In the wake of the defeat, Fisher decided a change was needed and split amicably with Tibbs, his longtime trainer. He stayed close to home, however, crossing Essex to link up with Tony Sims. Fisher knew from the first conversation that it was the correct decision.

“He gave me a call, and the first thing he asked me was, 'What do you think went wrong in that fight?'” Fisher said. “I suppose it's important for him to know that we’re on the same page, to know what my psyche's like and to understand me as a human being a bit more. I think that's what good coaches do.




“We just started with that discussion, and then we just went down to the gym. After the second time, I just knew I wanted to train there, and Tony actually said let's not mess about, let's just get it all done, and then we can move on and get working.”

The good news for the new fighter-trainer team is that both men agree on went wrong against Allen, and, in theory, it should be reasonably straight forward to put straight.

“Collectively, we probably strayed too far from what got me to where I was in the first place,” Fisher said. “I think we went too technical and took away all the main attributes of myself.

“What I've said to Tony in that sense is I don't want to stray too far from what I'm good at. It's just about enhancing what I've already got, rather than trying to turn my weaknesses into my strengths.

"But you have to realise what you are and what you're good at. What I'm good at is being aggressive, being powerful, being explosive, and being super fit.

“I think we went too technical and took away all the main attributes of myself. I’m making things a little bit tighter in how I move my feet, where I hold my hands and how I'm rotating into shots.

"It's about breaking down the minutiae of what makes someone a good aggressive, front-foot, explosive fighter. That's why it's good I've got a bit of time until my next fight because we can do the groundwork.

"I always compare it to a degree, right? You do your background reading before you go into an exam. So we're doing that initial reading stage now, and learning and building up the base of knowledge before we go into an exam.”

Fisher, incidentally, is highly educated himself. He has a degree in history from the University of Exeter. His dissertation at the heart of his studies focused on the aerial bombing of Germany in 1944-45.




He has, therefore, always been a critical thinker who likes to extract meaning from the past. Those attributes, it seems, have helped him come to terms with what happened at Copper Box.

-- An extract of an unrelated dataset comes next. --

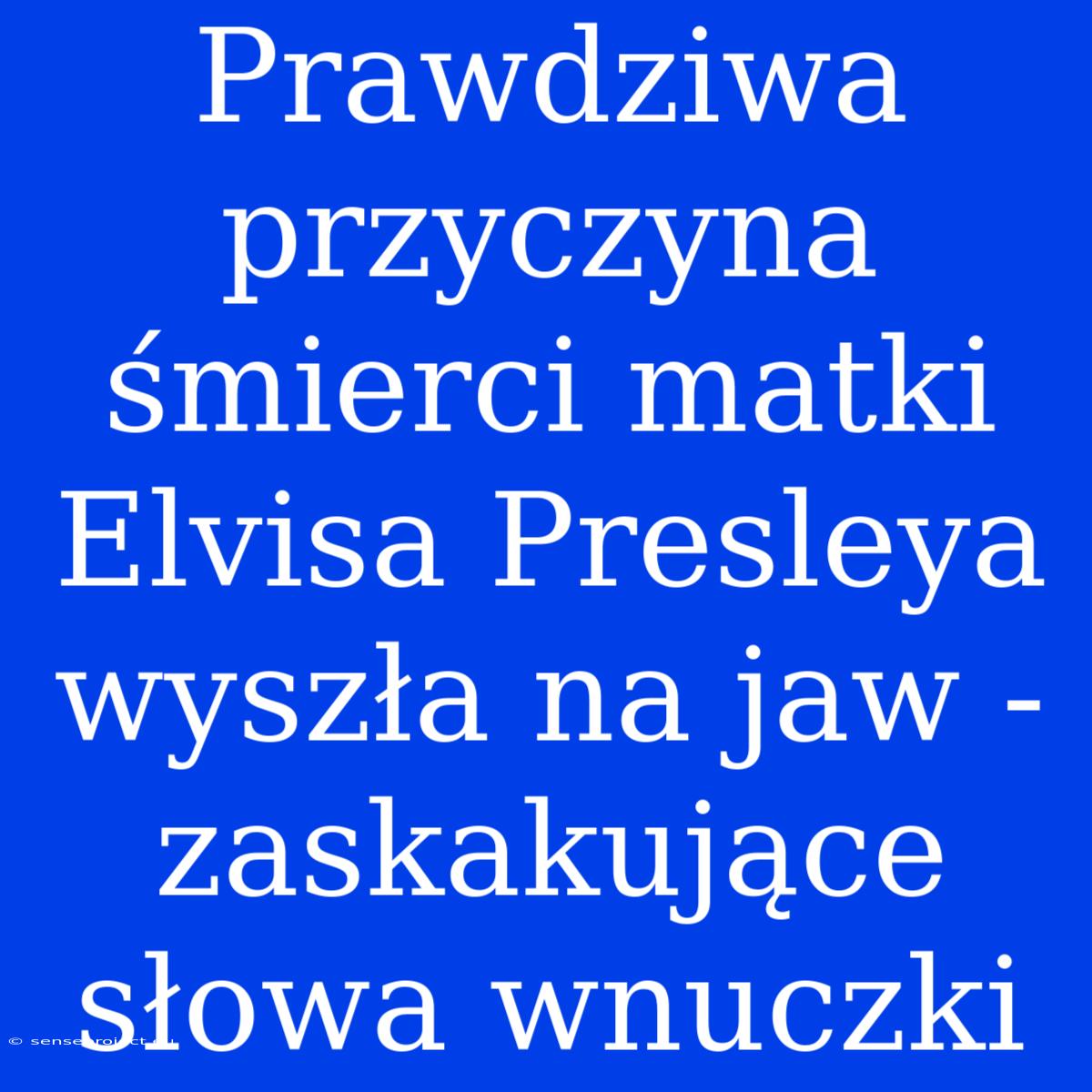 Prawdziwa Przyczyna Śmierci Matki Elvisa Presleya Wyszła Na Jaw - Zaskakujące Słowa Wnuczki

“After you win, you’re just over the moon all the time, completely buzzing," Fisher says. "So when you’re the one it has happened to, it is the exact opposite, you hate it, it’s horrible, it’s dark.

"But then you realise it’s a boxing match, for God’s sake. You’ve had a boxing match, you’ve been paid well for it, and this is just the nature of the game we’re in.

“It has been me doing that to other people plenty of times. They have been the ones feeling down for weeks afterwards. It was my time to have it done to me.

"Just look at the history books and all the champions that have come before. Almost everyone of note, with a few very notable exceptions, has lost a fight. It’s part and parcel of the game we’re in.

"Now it has done me a favour to take the pressure of the rollercoaster off. We were just going up and up, from big fight to bigger fight, thinking, ‘What can he do next?’ Because I don’t have the experience of others.

“I’ve had 24 fights, amateur and pro. It’s now time to lay the groundwork, build the foundations, think more in depth, do the reading and go into that exam sure of what I’ve got to do. Not just winging it.”

Fisher, as The Ring reported earlier this month, will return in December. Win, lose or draw, the dressing room will be packed.